# What to serve with Shrimp Scampi



## SizzlininIN

I want to serve shrimp scampi....will probably use this as an appetizer but was thinking maybe I could add some pasta to the sauce and make it the main part of the meal? I found the recipe for the shrimp scampe that Red Lobster uses.  I should mention I don't care for Lobster and hubby doesn't care for Scallops.  Any suggestions on what you would serve along with this? What wine would you drink with this?


----------



## buckytom

i guess a white wine with scampi, and a good thick crusted round loaf to sop up the butter/oil. maybe a side of steamed asparagus or brocolli.


----------



## lyndalou

I'd probably serve a Caesar Salad or other green salad, along with the crusty bread.

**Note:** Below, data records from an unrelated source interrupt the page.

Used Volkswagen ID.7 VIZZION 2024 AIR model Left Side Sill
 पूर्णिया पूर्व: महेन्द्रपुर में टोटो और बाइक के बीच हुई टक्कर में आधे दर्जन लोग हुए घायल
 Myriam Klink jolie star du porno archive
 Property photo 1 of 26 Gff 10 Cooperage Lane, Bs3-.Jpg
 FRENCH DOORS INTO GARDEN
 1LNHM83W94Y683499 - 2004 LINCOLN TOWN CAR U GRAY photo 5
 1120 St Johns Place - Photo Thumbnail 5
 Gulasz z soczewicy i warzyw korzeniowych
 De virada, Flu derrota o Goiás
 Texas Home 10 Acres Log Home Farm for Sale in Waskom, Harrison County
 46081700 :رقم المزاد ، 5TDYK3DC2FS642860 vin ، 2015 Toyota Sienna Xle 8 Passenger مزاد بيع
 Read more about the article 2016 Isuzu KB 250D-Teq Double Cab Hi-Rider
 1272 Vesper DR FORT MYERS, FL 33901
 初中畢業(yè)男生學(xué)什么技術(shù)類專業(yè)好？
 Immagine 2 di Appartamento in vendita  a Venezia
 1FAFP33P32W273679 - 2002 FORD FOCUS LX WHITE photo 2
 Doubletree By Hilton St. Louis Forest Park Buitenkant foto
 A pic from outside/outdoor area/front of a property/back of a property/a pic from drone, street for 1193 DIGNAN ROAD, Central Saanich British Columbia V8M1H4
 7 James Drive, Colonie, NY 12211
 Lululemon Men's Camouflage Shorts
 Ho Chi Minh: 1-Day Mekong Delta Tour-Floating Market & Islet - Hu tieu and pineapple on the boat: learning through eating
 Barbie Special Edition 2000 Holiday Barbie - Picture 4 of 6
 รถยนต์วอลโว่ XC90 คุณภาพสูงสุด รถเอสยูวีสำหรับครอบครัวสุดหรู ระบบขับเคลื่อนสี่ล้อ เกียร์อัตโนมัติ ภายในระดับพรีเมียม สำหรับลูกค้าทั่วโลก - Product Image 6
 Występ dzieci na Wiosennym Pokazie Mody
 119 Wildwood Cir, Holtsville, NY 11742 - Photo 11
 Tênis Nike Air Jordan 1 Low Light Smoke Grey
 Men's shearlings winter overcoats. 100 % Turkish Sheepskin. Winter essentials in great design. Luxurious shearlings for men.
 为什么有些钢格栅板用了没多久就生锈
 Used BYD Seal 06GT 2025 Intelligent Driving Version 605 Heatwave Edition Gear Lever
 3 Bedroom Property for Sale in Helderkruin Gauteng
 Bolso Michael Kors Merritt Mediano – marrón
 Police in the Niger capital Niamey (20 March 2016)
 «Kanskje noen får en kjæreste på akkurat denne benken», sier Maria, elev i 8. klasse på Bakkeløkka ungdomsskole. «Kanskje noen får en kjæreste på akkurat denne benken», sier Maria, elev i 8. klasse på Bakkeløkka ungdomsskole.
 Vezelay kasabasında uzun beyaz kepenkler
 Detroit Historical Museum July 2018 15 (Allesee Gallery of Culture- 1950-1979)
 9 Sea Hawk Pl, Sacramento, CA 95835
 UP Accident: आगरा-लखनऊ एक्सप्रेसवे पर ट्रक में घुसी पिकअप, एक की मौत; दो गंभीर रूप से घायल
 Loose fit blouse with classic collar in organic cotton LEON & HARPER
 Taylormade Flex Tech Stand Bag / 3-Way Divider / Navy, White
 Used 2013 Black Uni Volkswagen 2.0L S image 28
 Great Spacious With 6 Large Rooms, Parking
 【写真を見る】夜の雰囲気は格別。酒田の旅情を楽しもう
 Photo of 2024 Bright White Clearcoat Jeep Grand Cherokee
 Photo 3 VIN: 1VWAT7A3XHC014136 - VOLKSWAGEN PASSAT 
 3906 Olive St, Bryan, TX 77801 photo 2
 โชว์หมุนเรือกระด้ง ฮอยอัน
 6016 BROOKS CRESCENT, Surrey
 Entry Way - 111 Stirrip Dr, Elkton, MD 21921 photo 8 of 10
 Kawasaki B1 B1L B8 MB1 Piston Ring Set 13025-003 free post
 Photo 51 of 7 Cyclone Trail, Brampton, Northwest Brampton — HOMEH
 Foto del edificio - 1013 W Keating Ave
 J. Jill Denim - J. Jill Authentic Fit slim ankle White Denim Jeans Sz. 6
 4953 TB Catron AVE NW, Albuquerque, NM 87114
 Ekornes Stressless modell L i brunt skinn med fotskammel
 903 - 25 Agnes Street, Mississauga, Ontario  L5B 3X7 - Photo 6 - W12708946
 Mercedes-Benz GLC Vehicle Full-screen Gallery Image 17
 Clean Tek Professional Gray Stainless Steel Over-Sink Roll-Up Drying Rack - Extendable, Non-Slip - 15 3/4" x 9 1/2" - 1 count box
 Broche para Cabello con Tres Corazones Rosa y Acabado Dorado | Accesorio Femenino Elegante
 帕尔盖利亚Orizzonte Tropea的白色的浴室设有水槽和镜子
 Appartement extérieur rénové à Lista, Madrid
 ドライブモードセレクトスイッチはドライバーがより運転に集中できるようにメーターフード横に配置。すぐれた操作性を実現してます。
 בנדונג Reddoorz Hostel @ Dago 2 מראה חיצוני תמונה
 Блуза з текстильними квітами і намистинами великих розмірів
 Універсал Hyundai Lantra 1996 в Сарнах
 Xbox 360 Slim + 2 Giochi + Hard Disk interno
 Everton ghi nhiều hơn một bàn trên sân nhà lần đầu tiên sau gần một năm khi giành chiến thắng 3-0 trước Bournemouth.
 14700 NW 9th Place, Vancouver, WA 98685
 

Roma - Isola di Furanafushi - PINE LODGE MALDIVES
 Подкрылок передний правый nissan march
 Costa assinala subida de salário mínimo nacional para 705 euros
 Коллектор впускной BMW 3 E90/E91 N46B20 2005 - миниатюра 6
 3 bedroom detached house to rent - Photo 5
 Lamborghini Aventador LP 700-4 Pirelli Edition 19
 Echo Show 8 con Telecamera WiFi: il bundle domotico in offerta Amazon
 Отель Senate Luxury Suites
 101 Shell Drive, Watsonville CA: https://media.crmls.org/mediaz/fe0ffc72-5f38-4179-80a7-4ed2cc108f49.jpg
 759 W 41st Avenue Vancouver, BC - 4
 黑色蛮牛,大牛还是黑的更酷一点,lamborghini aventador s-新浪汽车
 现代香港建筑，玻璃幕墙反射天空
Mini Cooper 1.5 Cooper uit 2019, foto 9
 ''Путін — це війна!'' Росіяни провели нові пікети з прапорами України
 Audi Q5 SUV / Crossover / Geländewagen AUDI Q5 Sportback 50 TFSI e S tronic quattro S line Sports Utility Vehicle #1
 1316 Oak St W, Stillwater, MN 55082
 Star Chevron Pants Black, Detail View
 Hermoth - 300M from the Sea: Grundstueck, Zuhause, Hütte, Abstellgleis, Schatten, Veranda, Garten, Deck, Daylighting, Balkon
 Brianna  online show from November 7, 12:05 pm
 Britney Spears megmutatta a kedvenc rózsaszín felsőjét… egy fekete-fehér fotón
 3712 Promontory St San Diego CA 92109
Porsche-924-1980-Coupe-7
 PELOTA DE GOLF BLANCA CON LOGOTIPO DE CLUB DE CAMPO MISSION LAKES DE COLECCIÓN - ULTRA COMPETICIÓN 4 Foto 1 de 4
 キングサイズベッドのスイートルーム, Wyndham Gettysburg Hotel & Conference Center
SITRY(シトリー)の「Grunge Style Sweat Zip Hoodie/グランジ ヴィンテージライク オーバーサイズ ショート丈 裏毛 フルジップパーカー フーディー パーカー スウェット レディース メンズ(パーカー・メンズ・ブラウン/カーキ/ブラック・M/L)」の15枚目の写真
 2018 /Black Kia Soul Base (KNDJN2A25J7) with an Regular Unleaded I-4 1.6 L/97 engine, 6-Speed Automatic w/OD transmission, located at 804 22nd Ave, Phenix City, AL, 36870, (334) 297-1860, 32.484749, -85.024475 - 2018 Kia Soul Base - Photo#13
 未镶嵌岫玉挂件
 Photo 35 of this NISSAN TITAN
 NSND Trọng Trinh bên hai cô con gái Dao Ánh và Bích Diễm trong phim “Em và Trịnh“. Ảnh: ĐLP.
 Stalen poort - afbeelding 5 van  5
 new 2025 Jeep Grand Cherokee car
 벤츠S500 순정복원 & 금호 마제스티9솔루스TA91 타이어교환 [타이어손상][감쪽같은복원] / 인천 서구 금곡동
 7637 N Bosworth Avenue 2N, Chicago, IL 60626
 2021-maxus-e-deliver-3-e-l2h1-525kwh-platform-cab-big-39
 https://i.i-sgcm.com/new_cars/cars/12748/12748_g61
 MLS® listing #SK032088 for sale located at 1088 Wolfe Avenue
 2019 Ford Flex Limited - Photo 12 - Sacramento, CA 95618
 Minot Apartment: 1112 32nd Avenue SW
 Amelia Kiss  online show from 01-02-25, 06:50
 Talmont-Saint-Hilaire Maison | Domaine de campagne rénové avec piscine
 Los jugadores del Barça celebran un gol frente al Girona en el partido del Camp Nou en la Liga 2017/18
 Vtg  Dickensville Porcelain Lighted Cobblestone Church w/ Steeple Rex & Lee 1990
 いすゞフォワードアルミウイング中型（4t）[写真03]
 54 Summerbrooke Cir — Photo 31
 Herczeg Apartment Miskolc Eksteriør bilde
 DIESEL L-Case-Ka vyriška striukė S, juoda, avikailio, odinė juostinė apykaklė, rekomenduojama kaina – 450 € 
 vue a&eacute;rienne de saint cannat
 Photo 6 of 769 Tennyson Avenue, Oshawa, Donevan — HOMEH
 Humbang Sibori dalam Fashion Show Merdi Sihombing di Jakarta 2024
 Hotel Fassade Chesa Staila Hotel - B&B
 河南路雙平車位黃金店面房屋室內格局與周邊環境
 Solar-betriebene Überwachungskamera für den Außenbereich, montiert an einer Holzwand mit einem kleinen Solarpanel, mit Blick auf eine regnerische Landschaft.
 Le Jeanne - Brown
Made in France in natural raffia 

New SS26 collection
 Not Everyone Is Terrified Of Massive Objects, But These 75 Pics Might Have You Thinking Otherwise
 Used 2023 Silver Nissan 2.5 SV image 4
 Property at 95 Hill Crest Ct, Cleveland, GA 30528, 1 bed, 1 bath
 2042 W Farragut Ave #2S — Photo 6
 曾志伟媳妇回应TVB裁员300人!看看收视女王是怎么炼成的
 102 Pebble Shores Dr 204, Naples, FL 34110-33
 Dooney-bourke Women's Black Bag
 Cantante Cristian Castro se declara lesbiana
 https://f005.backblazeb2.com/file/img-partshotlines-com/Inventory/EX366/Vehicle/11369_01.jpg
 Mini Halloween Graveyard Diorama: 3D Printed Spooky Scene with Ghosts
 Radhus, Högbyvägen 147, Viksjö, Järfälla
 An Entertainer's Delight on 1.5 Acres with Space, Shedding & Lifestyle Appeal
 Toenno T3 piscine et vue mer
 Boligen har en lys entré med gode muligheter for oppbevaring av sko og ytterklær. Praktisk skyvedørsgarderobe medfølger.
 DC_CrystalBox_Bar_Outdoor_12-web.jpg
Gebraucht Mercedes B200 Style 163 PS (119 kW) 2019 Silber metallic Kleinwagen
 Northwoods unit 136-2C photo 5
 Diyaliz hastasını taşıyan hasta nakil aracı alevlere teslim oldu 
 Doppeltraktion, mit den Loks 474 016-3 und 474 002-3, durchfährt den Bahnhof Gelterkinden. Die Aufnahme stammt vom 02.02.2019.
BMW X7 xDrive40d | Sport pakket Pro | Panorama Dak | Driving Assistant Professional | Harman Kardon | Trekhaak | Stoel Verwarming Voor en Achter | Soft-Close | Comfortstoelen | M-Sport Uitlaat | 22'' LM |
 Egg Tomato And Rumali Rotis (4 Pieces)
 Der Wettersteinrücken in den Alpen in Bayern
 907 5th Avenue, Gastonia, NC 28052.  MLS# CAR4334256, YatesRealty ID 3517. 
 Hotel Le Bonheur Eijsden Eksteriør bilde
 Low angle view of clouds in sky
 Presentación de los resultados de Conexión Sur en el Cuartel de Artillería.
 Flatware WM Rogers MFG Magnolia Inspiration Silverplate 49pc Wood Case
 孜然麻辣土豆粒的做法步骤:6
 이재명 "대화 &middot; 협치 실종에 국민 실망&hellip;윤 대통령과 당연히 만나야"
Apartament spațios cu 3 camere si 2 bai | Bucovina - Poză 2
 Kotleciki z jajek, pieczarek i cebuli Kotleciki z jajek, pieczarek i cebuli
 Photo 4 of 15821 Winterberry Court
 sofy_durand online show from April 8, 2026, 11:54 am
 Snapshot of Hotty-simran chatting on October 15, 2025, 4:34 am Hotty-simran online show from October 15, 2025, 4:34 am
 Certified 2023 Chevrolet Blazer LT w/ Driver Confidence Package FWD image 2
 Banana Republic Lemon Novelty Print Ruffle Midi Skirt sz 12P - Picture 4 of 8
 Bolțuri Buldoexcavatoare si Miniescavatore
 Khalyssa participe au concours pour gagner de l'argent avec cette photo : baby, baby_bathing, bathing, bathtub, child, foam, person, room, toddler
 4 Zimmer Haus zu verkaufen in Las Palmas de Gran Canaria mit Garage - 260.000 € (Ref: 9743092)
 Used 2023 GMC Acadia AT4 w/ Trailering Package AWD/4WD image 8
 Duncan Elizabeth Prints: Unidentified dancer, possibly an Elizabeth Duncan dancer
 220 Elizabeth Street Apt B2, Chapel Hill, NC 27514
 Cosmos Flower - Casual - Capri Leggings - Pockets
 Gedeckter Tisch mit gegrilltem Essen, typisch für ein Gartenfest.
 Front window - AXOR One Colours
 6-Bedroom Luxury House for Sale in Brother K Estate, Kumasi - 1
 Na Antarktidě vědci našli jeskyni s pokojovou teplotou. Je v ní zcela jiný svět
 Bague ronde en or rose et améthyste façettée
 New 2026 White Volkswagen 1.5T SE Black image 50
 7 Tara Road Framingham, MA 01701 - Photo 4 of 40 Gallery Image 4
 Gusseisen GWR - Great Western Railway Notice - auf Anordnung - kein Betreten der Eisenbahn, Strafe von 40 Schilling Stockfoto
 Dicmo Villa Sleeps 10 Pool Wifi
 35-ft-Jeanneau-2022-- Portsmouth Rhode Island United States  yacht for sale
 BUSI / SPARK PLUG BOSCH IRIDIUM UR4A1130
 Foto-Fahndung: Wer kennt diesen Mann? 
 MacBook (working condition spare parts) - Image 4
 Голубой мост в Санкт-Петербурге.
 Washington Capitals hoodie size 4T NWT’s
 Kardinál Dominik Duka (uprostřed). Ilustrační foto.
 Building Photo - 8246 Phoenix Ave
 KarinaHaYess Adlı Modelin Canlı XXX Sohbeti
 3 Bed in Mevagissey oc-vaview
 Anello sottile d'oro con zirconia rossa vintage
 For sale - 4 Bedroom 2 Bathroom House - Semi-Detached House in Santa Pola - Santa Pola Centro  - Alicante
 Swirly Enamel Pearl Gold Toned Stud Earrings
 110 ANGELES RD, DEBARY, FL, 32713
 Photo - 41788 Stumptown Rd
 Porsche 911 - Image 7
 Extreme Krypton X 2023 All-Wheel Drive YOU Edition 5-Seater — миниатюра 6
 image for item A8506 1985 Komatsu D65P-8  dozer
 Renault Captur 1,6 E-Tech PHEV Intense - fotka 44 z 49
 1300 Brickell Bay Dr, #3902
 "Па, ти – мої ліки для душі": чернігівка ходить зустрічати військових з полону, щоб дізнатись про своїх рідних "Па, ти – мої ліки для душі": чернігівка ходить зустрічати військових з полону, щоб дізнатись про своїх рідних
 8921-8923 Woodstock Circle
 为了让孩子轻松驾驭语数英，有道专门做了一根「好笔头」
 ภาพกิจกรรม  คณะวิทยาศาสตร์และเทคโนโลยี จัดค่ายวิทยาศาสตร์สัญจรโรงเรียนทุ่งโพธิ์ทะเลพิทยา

A nice Pinot Grigio (my current favorite brand is Cavit's) would also go well with it.
Sorbet for dessert.


----------



## Claire

Serve your scampi over linguini (my favorite is barilla) for a main course.  To complete the meal, save yourself time & energy by making up an antipasto platter for appetizers -- buy a jar of some kind of peppers, some salami or mortadella, a couple of cheeses, a few pickled or marinaded veggies.  Serve on a platter with toothpicks (provide a bowl for tossing the used toothpicks, something many forget).  With the scampi serve a simple tossed greens with your favorite italian dressing or simply a good olive oil and vinegar.  Crusty bread, garlic if you want it, or just butter.  Desert can be very simple.  If you are not sweets eaters, some cheese and fruit.  Gorgonzola, pears/apples/grapes, and walnuts are great in the fall.  If you love sweets, I'd go for ice cream topped with a great liquer.  

This is a very simple dinner party, leaving the hosts plenty of time to have fun themselves.


----------



## debthecook

White rice, italian bread, salad.


----------